Small businesses in Britain are thought to be owed more than £55bn in late invoices, and while the Government is looking into ways to address this, the problem is unlikely to be dealt with any time soon. This week Diageo was in the spotlight after changing its payment terms from 60 to 90 days. While there's no suggestion that the drinks giant is paying its suppliers late, it's just the latest in a line of stories highlighting the controversial nature of this issue.
So how can you make sure you get your due without damaging your relationship with a client? MT spoke with Philip King, a former credit manager for Vodafone and the chief executive of the Chartered Institute of Credit Management, and John Kilbey, a senior adviser at the Forum of Private Business, to get their advice on how to hurry customers along.
Do your homework
Much of the work you can do to ensure you get paid needs to be done in advance – not useful information if you're currently chasing payment, but something to remember for next time. First of all you need to know if you should be doing business with your customer at all.
King says that credit checks are vital to ensue you don't end up in a stitch. 'If you don’t know who you're dealing with and whether they are able to pay you then you are heading for a potential downfall,' he says. 'Credit checks allow you to at least get a flavour of how a business is, and most credit referencing agencies now have payment experience data that they share.'
Be sure to clarify exactly what your payment terms are in advance – a nod and a wink aren't enough and there's not a lot of recourse if nothing has been agreed and things go wrong.
Kilbey says, 'It’s dangerous to assume that a customer will pay on time within your standard period and you should make it clear from the start when you want to get paid, by establishing clear payment terms from the start and getting your customers to agree to these and penalties, in writing.'
Get your invoices right
Don't give a big client any excuse for not paying when they should. Double check if there are any particular things you need to include on the invoice, such as an order number, and find out where you need to send it – even if you're dealing with someone at an office local to you, the company's administrative staff could be somewhere else entirely. It should go without saying that you should send the invoice off as quickly as you can.
Asking for it
If your money hasn't arrived then it's no good sitting around waiting and seeing if it might show up by itself.

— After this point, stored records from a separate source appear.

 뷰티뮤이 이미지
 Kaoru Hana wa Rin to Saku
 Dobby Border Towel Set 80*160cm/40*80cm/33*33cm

'I talk to far too many small businesses who say "well I thought it would arrive, I was hoping it would arrive, and I didn’t really want to ring up and ask",' King says. 'Generally money doesn’t arrive without some sort of activity – either getting the process right all the way through so it happens as a matter of course, or not being embarrassed about asking for it.'
'My line is always this: "If you ordered something then you wouldn't not ring up when the goods didn’t arrive, so why would you not ring up when the payment doesn’t arrive?" – it’s the other side of the equation.'
It's easy to get shirty when people are withholding what's yours, but King says it's important to remain professional. He adds that a good way to hurry things along can be to get in touch with your original contact within the organisation rather than just dealing with the accounts receivable department – if you've got a strong relationship with a buyer then they can be a useful internal advocate for you.
If a client does overshoot the agreed payment deadline then you're well within your rights to charge late fees. Some people think this is only an option when things have really broken down as they don't want to prevent themselves from getting future business. Kilbey says that as the law stands at the moment, 'small firms remain in a weak position when it comes to charging interest.' King says that's not always the case though.
'I know a couple of small businesses who just raise a late payment invoice as soon as the payment hasn’t been received and just send it, and that has the effect of galvanising people to think about it and take it seriously,' he says. 'If you tell them in advance that you're going to do that then its not a surprise to them and it helps to get your invoice to the top of the tree.'
Legal action: the last resort
Delayed payments can play havoc with your cash flow, but don't pick up the phone to your lawyer too early as it's unlikely you will be able to deal with the client again. 'Legal recourse is really a final option, when the relationship with the company has completely broken down and you are not looking to continue doing business in the future,' says Kilbey.
If all else fails and you don't want to pay the legal costs of pursuing a claim then you can always try embarassing your customer into paying. Visiting their offices and telling the receptionist you are waiting there for your cash might just get you kicked out but might just do the trick. Don't expect to do business with them again though.